Loudoun County teen sentenced, put on sex offender registry

by mcardinal

Chris Lieberman, FISM News

 

The Loudoun County boy who sexually assaulted two classmates in the girl’s bathroom of two different high schools was sentenced on Wednesday to residential treatment and will be required to register as a sex offender.

Judge Pamela Brooks decided to send the boy, whose name is withheld due to his age, to a locked residential treatment center rather than juvenile prison after one of the victim’s parents said at the sentencing hearing, “I feel that if this boy goes directly to juvenile jail, he will not receive any treatment. I feel if he’s placed in a long-term residential program, he may have a fighting chance of becoming a better human being.”

The judge called this request from the victim’s family, “brave and generous.”

Judge Brooks also determined that the perpetrator would be put on the sex offender registry for the rest of his life, a step she has never taken before in a juvenile case. She said that she did so after reading his psychological and psychosexual evaluations, remarking that, “They scared me.

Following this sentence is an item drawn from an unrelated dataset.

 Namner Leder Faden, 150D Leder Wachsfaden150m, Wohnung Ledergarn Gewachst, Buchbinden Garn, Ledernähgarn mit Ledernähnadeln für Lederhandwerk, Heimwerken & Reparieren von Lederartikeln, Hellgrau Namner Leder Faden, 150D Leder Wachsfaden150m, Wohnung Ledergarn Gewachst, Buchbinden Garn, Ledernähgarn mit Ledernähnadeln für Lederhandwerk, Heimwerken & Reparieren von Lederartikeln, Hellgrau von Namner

I don’t know how else to put it. They scared me for yourself. They scared me for your family. They scared me for society.”

The boy, who is described as “gender fluid,” was wearing a skirt when he assaulted his first victim in May 2021 in the girl’s bathroom of Stone Bridge High School in Loudoun County, Virginia. The school did not notify parents that the assault occurred, and the school did not report the incident to the state.

Police investigated the incident and arrested the boy, but he was later released from jail with an ankle monitor and allowed to transfer to another school in the county, where he assaulted another girl in October.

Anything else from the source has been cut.